Figure 3 shows representative data for pathogenicity assay of ∆GeneA and ∆GeneB, two gene knock-out mutants of P. expansum, on apple fruits. To compare differences in the virulence of the mutants and WT, the different strains were inoculated into wounds on apple fruits. No significant difference in lesion diameter between ∆GeneA and WT was detected at 4, 5, and 6 d after inoculation (Figures 3A and 3B). Deletion of GeneB significantly reduced the virulence of P. expansum on the fruits. Obvious lesions could be observed 5 days after inoculation, where the lesion diameter of the ∆GeneB was significantly smaller than the lesion size in the wild type (Figuers 3C and 3D). These results indicate that GeneB has a significant impact on virulence of P. expansum.

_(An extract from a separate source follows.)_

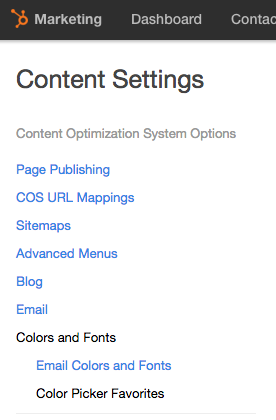 content settings - colors and fonts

Figure 3. Pathogenicity assay of ∆GeneA and ∆GeneB of P. expansum on apple fruits. A and C. Symptoms of infected apple fruits at 5 d after inoculation; B and D. Statistical analysis of lesion diameters at 4, 5, and 6 d after inoculation at 25 °C.

Notes

1. Use 1-2 week old culture to ensure full pathogenicity of P. expansum spores.
   
2. The apple fruits must be fresh and without mechanical wounds.
   
3. The cultivation temperature of infected apple fruits must be controlled at 25 °C or slightly under 25 °C.
   

Recipes

1. 2% sodium hypochlorite solution (20 L)
   Add 400 ml of sodium hypochlorite into a 40 x 40 x 30 cm container and then bring volume up to 20 L with distilled water
   
2. PDA medium (1 L)
   200 g potato
   20 g dextrose
   15 g agar
   Boiling 200 g of sliced potatoes in 1 L distilled water for 30 min, then decanting the broth through cheesecloth and adding 20 g dextrose and 15 g agar powder in the broth. Add distilled water to make up 1 L, and the medium is sterilized by autoclaving at 121 °C for 20 min
   

Acknowledgments

This protocol was adapted from Li et al. (2015) and Zhang et al. (2014). The work was supported by Chinese Ministry of Science and Technology (grant number 2016YFD0400902).

References

1. Andersen, B., Smedsgaard, J. and Frisvad, J. C. (2004). Penicillium expansum: consistent production of patulin, chaetoglobosins, and other secondary metabolites in culture and their natural occurrence in fruit products. J Agric Food Chem 52(8): 2421-2428.
   
2. Li, B., Zong, Y., Du, Z., Chen, Y., Zhang, Z., Qin, G., Zhao, W. and Tian, S. (2015). Genomic characterization reveals insights into patulin biosynthesis and pathogenicity in Penicillium species. Mol Plant Microbe Interact 28(6): 635-647.
   
3. Liu, J., Sui, Y., Wisniewski, M., Droby, S., Tian, S., Norelli, J. and Hershkovitz, V. (2012). Effect of heat treatment on inhibition of Monilinia fructicola and induction of disease resistance in peach fruit. Postharvest Biol Tec 65:61-68.
   
4. Shi, X., Li, B., Qin, G. and Tian, S. (2012). Mechanism of antifungal action of borate against Colletotrichum gloeosporioides related to mitochondrial degradation in spores. Postharvest Biol Tec. 67:138-143.
   
5. Spotts, R., Sanderson, P. G., Lennox, C. L., Sugar, D. and Cervantes, L. A. (1998). Wounding, wound healing and staining of mature pear fruit. Postharvest Biol Tec 13(1): 27-36.
   
6. Zhang, Z., Qin, G., Li, B. and Tian, S. (2014). Knocking out Bcsas1 in Botrytis cinerea impacts growth, development, and secretion of extracellular proteins, which decreases virulence. Mol Plant Microbe Interact 27(6): 590-600.